Satellites operated by Maxar, Planet, BlackSky and other companies have documented this damage and destruction repeatedly over the past month, and the new batch of Maxar imagery fleshes it out further still.
For instance, two WorldView-3 photos snapped on Tuesday show a number of apartment buildings and houses reduced to rubble.
The invasion of Ukraine has made Russia something of a pariah; the United States and other nations have imposed harsh economic sanctions in response, and a number of high-profile companies have ceased their Russian operations, at least for now.

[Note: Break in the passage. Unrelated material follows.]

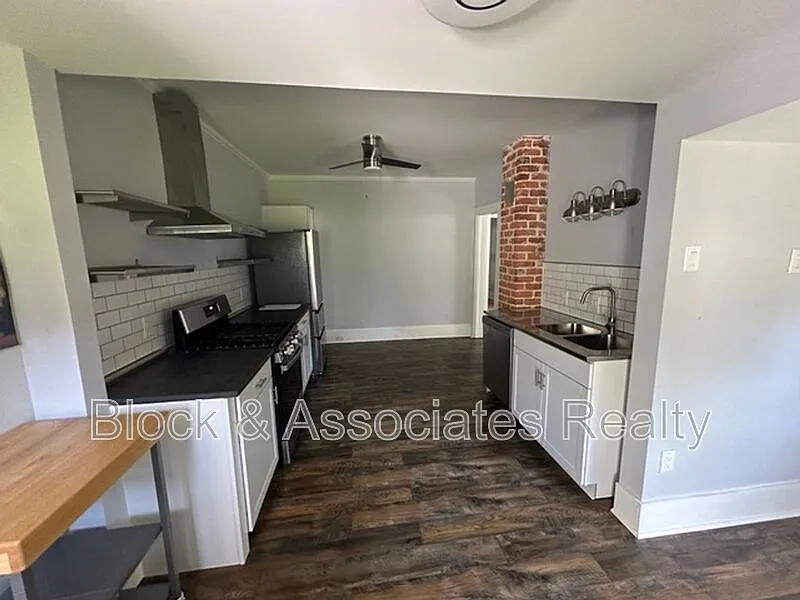 1 bed, 1.0 bath, $995 — Photo 2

The longstanding space partnership between Russia and the West has been affected as well. For example, Russia has stopped selling its rocket engines to American companies and halted the use of Russian-made Soyuz rockets at Europe’s Spaceport in French Guiana.
But some areas of cooperation remain. Russia is still an active partner in the International Space Station program, for example, as shown by the recent return to Earth of NASA astronaut Mark Vande Hei and cosmonauts Pyotr Dubrov and Anton Shkaplerov. The trio landed on the steppes of Kazakhstan Wednesday (March 30) inside a Russian Soyuz capsule, wrapping up a mission to the orbiting lab.
Mike Wall is the author of “Out There” (Grand Central Publishing, 2018; illustrated by Karl Tate), a book about the search for alien life. Follow him on Twitter @michaeldwall. Follow us on Twitter @Spacedotcom or on Facebook.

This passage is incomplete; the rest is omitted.